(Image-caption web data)
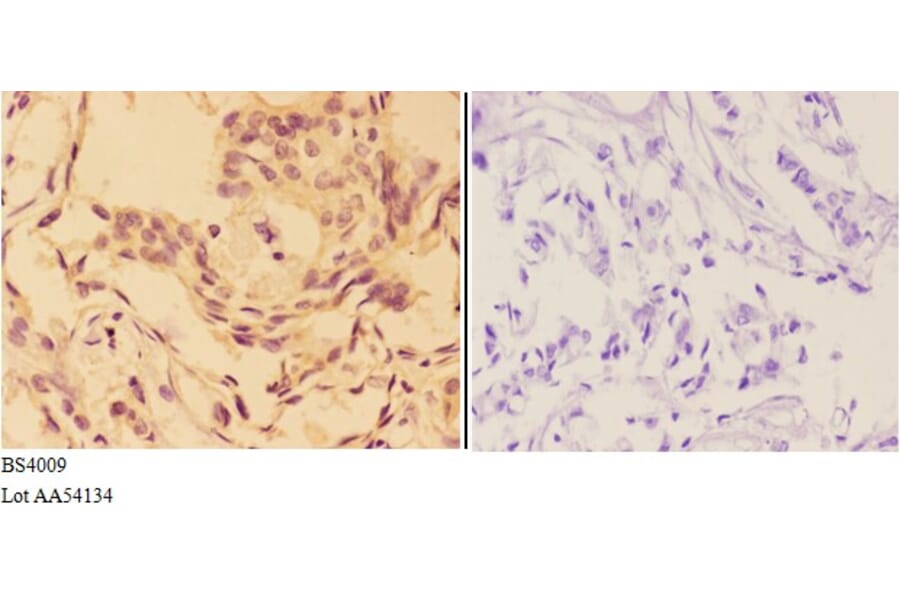 Anti-AKT (phospho-T308) Antibody from Bioworld Technology (BS4009) - Antibodies.com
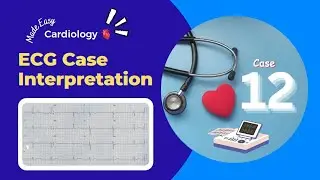 ECG Case Interpretation | Collapse | Mobitz II heart block | Bradycardia | Abnormal ECG | Case 12
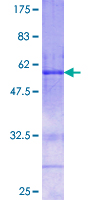 FSTL3 / FLRG Protein - 12.5% SDS-PAGE of human FSTL3 stained with Coomassie Blue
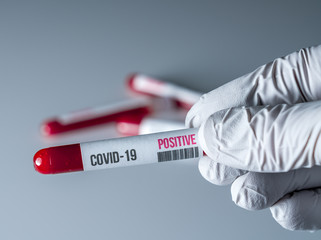 Obraz premium Medical glove holding a tube of blood with a positive result for test for Covid-19 or coronavirus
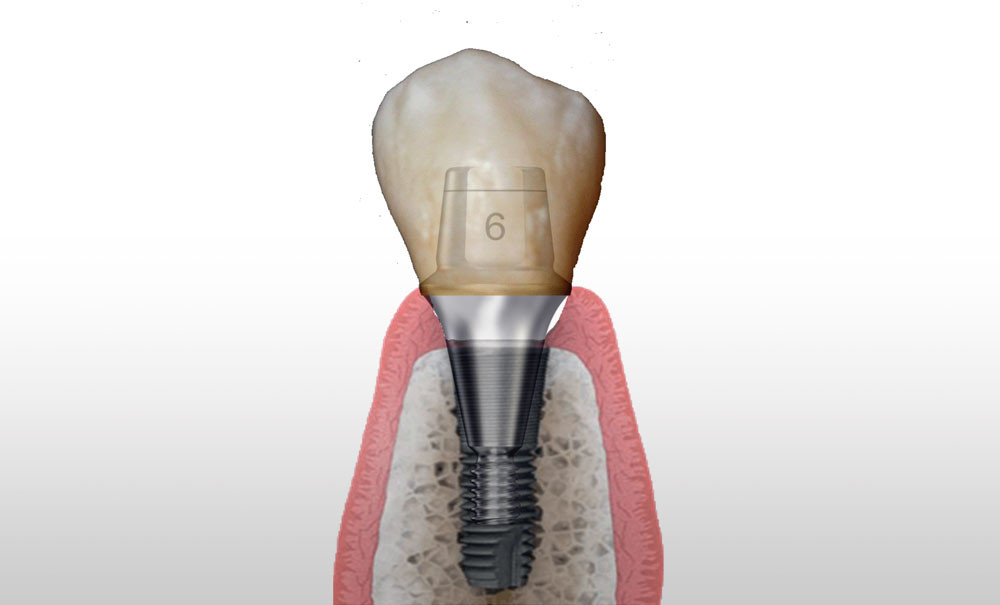 Interface des piliers implantaires et attache gingivale L'Information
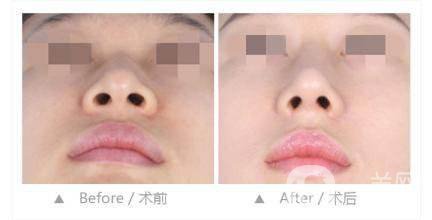 廣東鼻翼寬整形多少錢 鼻翼縮小有哪些方法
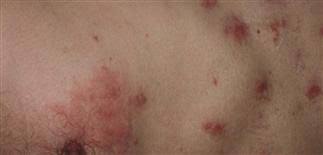 Image result for Rhus Dermatitis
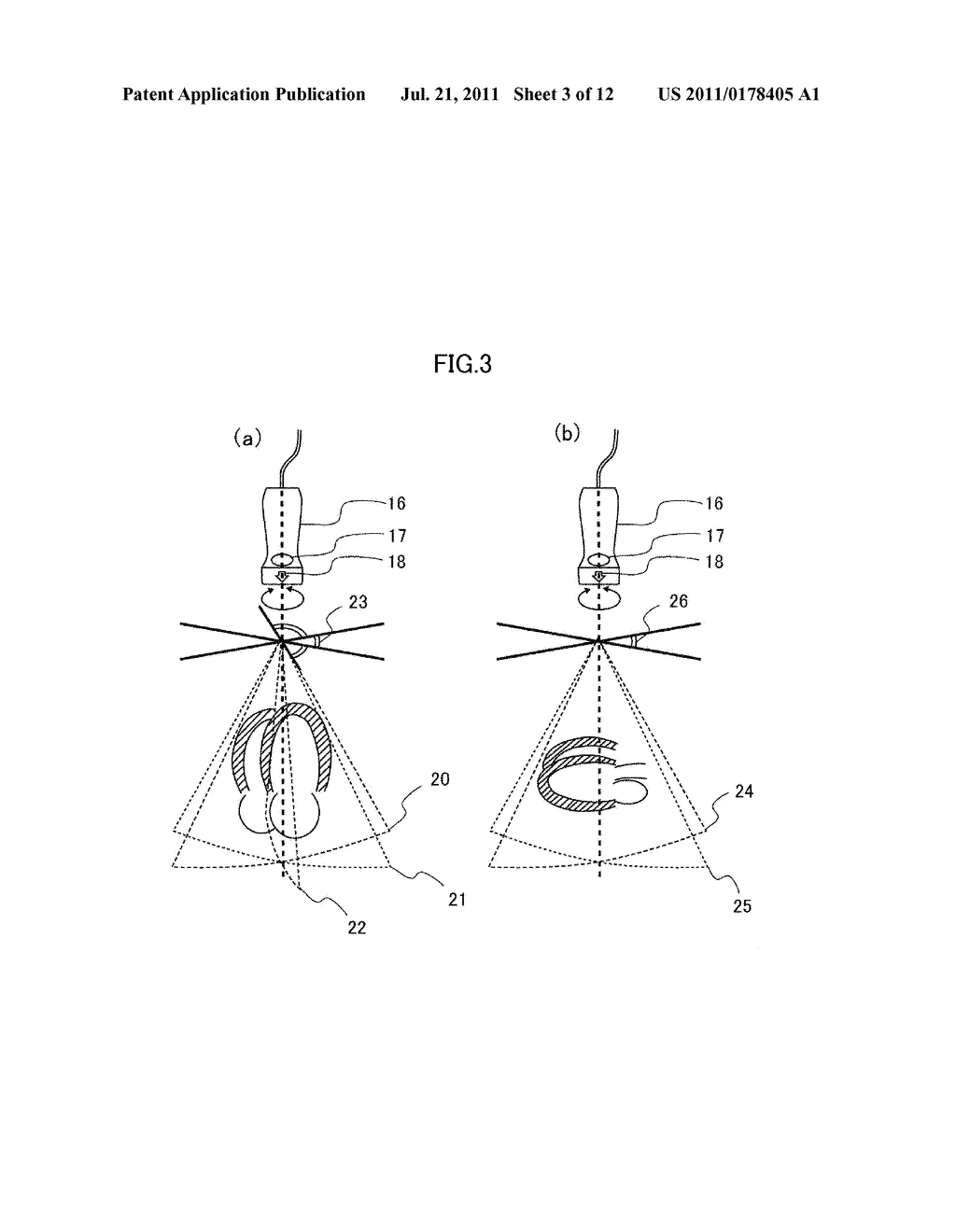 ULTRASONIC DIAGNOSTIC APPARATUS AND IMAGE PROCESSING APPARATUS FOR     ULTRASONIC DIAGNOSIS - diagram, schematic, and image 04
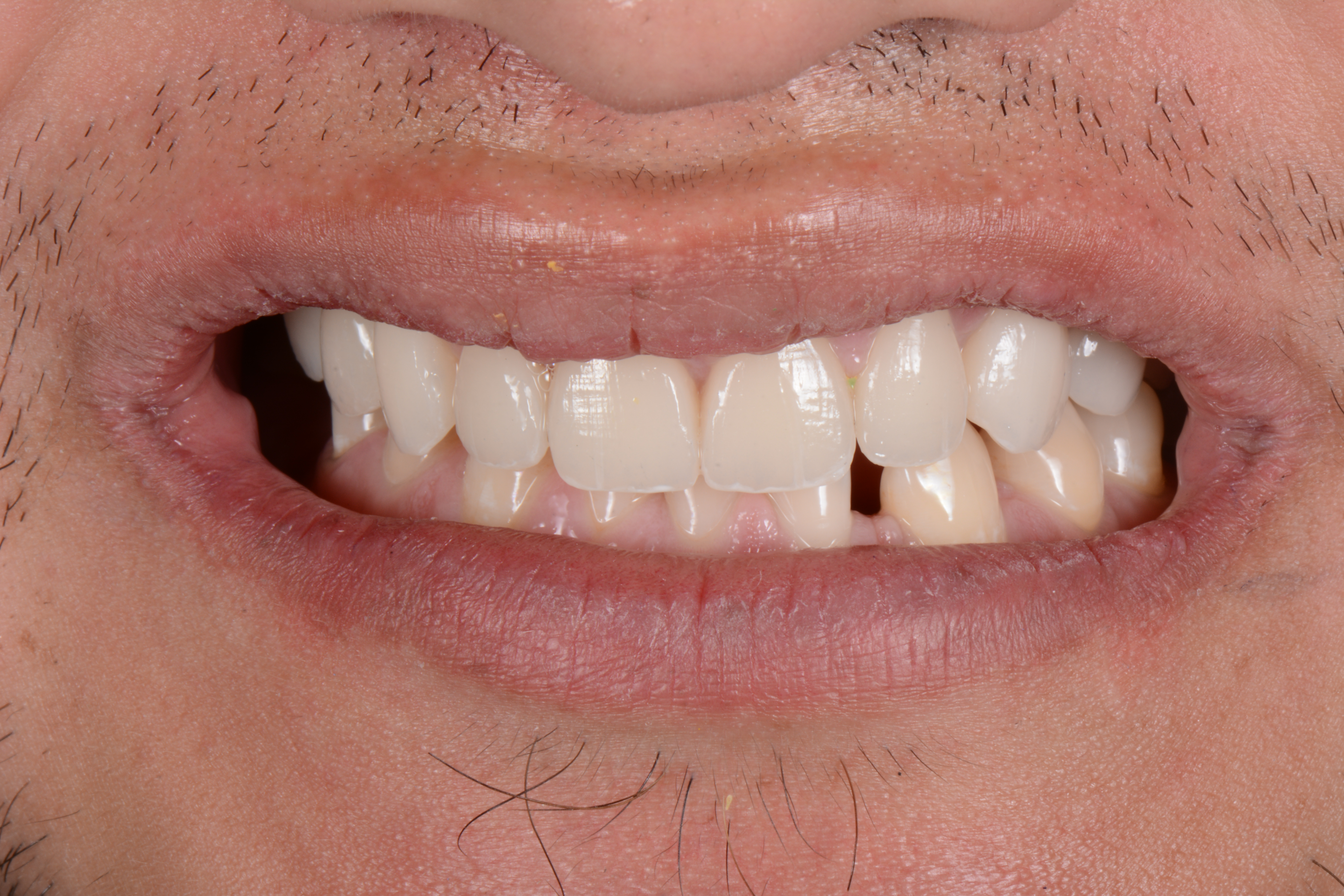 After treatment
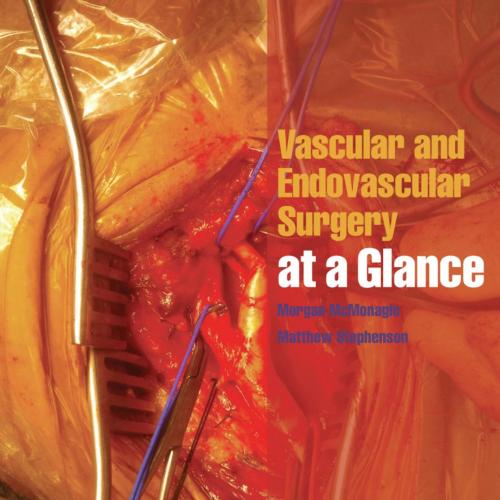 Vascular and Endovascular Surgery at a Glance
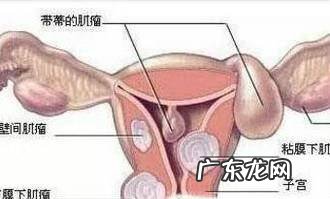 如何保养子宫和卵巢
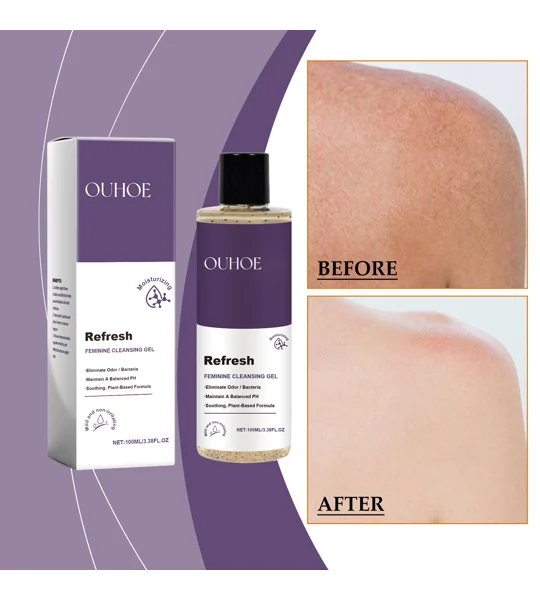 OUHOE Balance Bath Gel – Gentle Feminine Hygiene & Moisturizing Body Cleanser with Witch Hazel & Vit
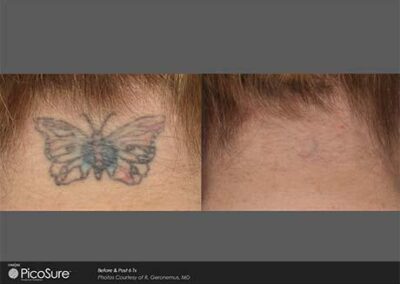 PicoSure Tattoo Removal Before and After Photos Irvine CA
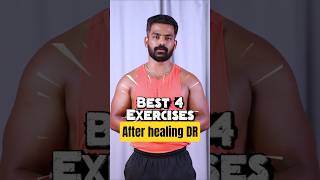 Diastasis Recti Recovery Complete? Next Safe Exercises You Must Start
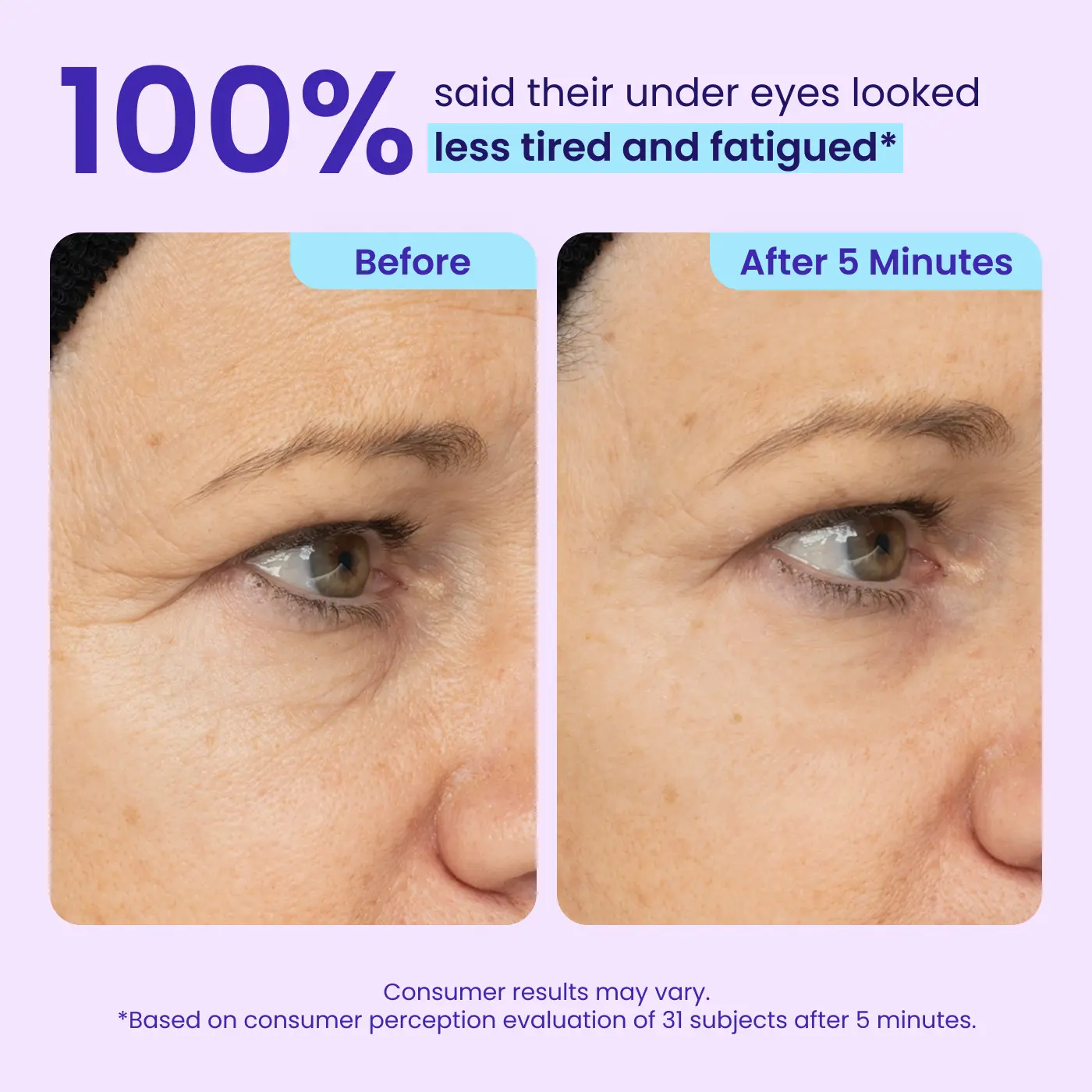 Instant Lift Eye Gel — Reduce the Look of Eye Bags in Minutes 🔥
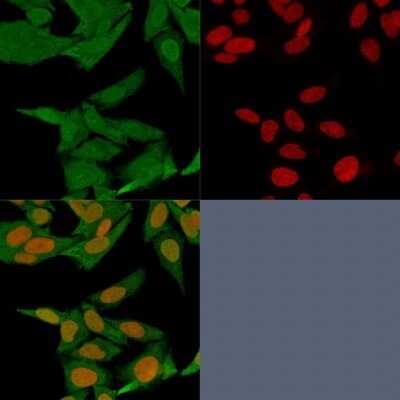 Immunocytochemistry/ Immunofluorescence: S100A4 Antibody (S100A4/1481) - Azide and BSA Free [NBP2-54580]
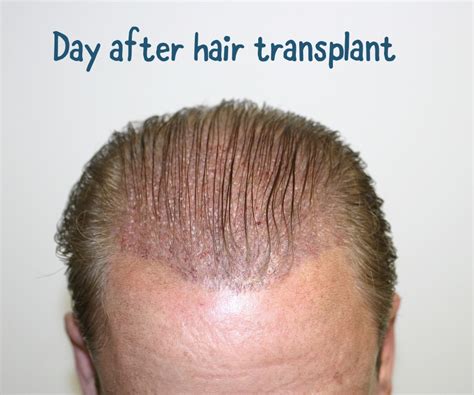 Important Steps to Follow After a Hair Transplant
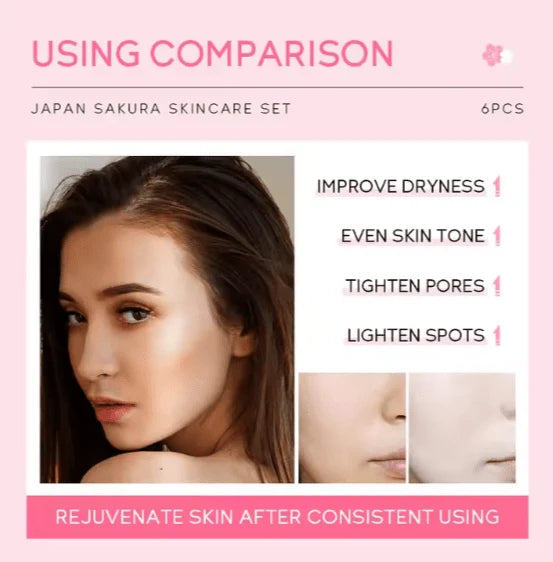 Japan Sakura Skincare Set – 6 Pieces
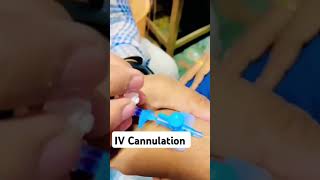 IV Cannulation techniquedoctormedicalstudentMedicalPracticeandTalks [upl. by Oys]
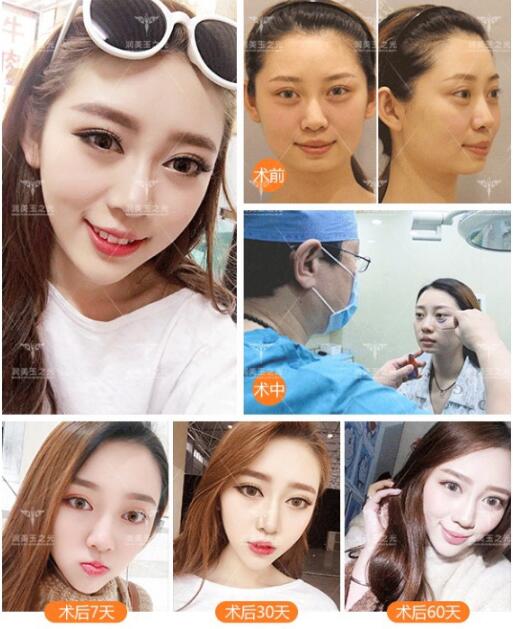 填充式注射除皺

### Exercise goal
Set down word for word every line from the one containing "ULTRASONIC DIAGNOSTIC APPARATUS" through the last line of the records above, both ends included. Leave out the pictures.

### Written solution
 ULTRASONIC DIAGNOSTIC APPARATUS AND IMAGE PROCESSING APPARATUS FOR     ULTRASONIC DIAGNOSIS - diagram, schematic, and image 04
 After treatment
 Vascular and Endovascular Surgery at a Glance
 如何保养子宫和卵巢
 OUHOE Balance Bath Gel – Gentle Feminine Hygiene & Moisturizing Body Cleanser with Witch Hazel & Vit
 PicoSure Tattoo Removal Before and After Photos Irvine CA
 Diastasis Recti Recovery Complete? Next Safe Exercises You Must Start
 Instant Lift Eye Gel — Reduce the Look of Eye Bags in Minutes 🔥
 Immunocytochemistry/ Immunofluorescence: S100A4 Antibody (S100A4/1481) - Azide and BSA Free [NBP2-54580]
 Important Steps to Follow After a Hair Transplant
 Japan Sakura Skincare Set – 6 Pieces
 IV Cannulation techniquedoctormedicalstudentMedicalPracticeandTalks [upl. by Oys]
 填充式注射除皺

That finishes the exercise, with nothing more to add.